Утром Алена долго стояла у окна, выжидая момент, когда улица будет безлюдной, чтобы быстренько пройти от дома до медпункта. Но стоило ей выйти из двора, как, будто по команде, будто они стояли наизготове, на старте, и ждали терпеливо, обязательно выныривали несколько баб с ведрами, которым срочно и одновременно понадобилась в доме вода.
Мирослав, используя свой давнишний авторитет, даже ходил с некоторыми «подозреваемыми» беседовать по домам. Но! По одиночке-то они, каждый, - милейшие люди, которые в ответ говорят одинаковое «Да ты что, Мирославушка?! Как ты подумать мог! Мы ж…»
Долго это стреляние дерьмом по человеку продолжаться не могло, какая-то развязка в отношениях семейства Мирослава и деревни должна была наступить. Наступила…
В тот день Сан Санычу позвонили откуда-то «сверху» и сказали, что к обеду приедет машина. За ним. Быть готовому, и собрать вещи. Ни на один его встречный вопрос никто отвечать не собирался, да и не слушал никто его вопросов.
В обед на глазах у всей деревни, Сан Саныч сел в черный автомобиль, и его увезли в неизвестном направлении.
Алексей Петрович, председатель, на вопросы Мирослава не нашелся, что другое ответить, кроме как: « А нечего на «проверку» из самой Москвы с кулаками кидаться из- за какой-то…»
Алена на работу на следующий день не вышла. На растерзание сельчан она идти не могла…
- Мирослав, позови к нам Алену Станислововну, У Жорки температура тридцать семь и пять! – обратилась к нему одна деревенская, встретив за воротами.
- Малину из погреба достань! – Резко бросил в ответ Мирослав.
Тамара была в жутком ударе. Она сходила в магазин, заглянула, не заходя в свой дом, в сарай, где, нехотя, стругал что-то Мирослав.
- Мирка, слышь… Ты возьми Володю к себе, а мне сегодня Алену выдели – мы с ней поскулим, да выпьем чуток. Так на душе погано… Девишник у нас, ладно?

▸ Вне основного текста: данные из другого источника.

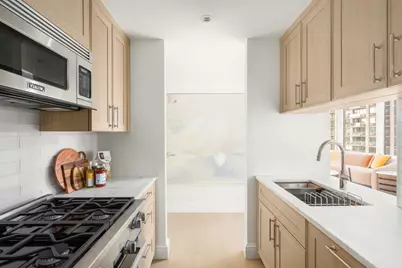 400 E 84th Street #5C, New York, NY 10028 - Photo 4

- Ладно. Выпейте, девчонки. Правильно. Надо нам всем как-то лечиться.
А вечером он слышал, как они обе плакали, говорили, говорили, опять плакали, потом смеялись, даже ржали как-то натурально, не деланно…
А когда свет в «гареме» погас, он тоже, наконец, успокоился, выкурил на пороге еще одну папироску и пошел спать к сопящему на кровати Алены сыну.
- Угомонились девки мои, слава Богу. Напились хоть раз, душу отвели. Слава Богу. Так-то лучше, надо им. Обеим.
***
Проснулся Мирослав уже через какой-то час, да так всю ночь и, изворочившись, встал, да пошел в сарай работать – толку нет так просто в постели валяться, все равно не уснуть уже.
Когда скотина в сарае стала вопить голодными голосами, он только и понял, что женщины проспали кормежку. Вошел в хату, стал сам готовить корм. Заодно и решил проверить, как там его бедолаги, Тамара с Аленкой.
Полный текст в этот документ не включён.